Activity:
Beginning with the line that contains "Organizator baie Fondi, Wenko, 65x31x76.5" in the material below, print each line exactly until the line that contains "Cecil Organic short" has been printed, then stop.
Provided data Start Marker
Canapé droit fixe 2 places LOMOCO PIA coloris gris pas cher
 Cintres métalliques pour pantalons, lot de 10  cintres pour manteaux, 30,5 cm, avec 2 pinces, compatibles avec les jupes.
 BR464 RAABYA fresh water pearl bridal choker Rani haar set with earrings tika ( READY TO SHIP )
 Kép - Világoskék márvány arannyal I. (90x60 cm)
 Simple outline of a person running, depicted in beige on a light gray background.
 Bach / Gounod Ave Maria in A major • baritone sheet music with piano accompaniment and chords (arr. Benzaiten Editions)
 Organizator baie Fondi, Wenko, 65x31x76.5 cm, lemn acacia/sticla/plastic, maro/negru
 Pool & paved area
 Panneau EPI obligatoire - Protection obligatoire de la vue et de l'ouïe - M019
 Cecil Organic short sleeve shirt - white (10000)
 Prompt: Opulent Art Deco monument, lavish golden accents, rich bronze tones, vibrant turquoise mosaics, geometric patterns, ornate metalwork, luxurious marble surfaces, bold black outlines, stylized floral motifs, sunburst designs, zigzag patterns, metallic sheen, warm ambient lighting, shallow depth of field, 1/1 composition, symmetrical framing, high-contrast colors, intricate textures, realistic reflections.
Provided data End Marker
Exercise output:
 Organizator baie Fondi, Wenko, 65x31x76.5 cm, lemn acacia/sticla/plastic, maro/negru
 Pool & paved area
 Panneau EPI obligatoire - Protection obligatoire de la vue et de l'ouïe - M019
 Cecil Organic short sleeve shirt - white (10000)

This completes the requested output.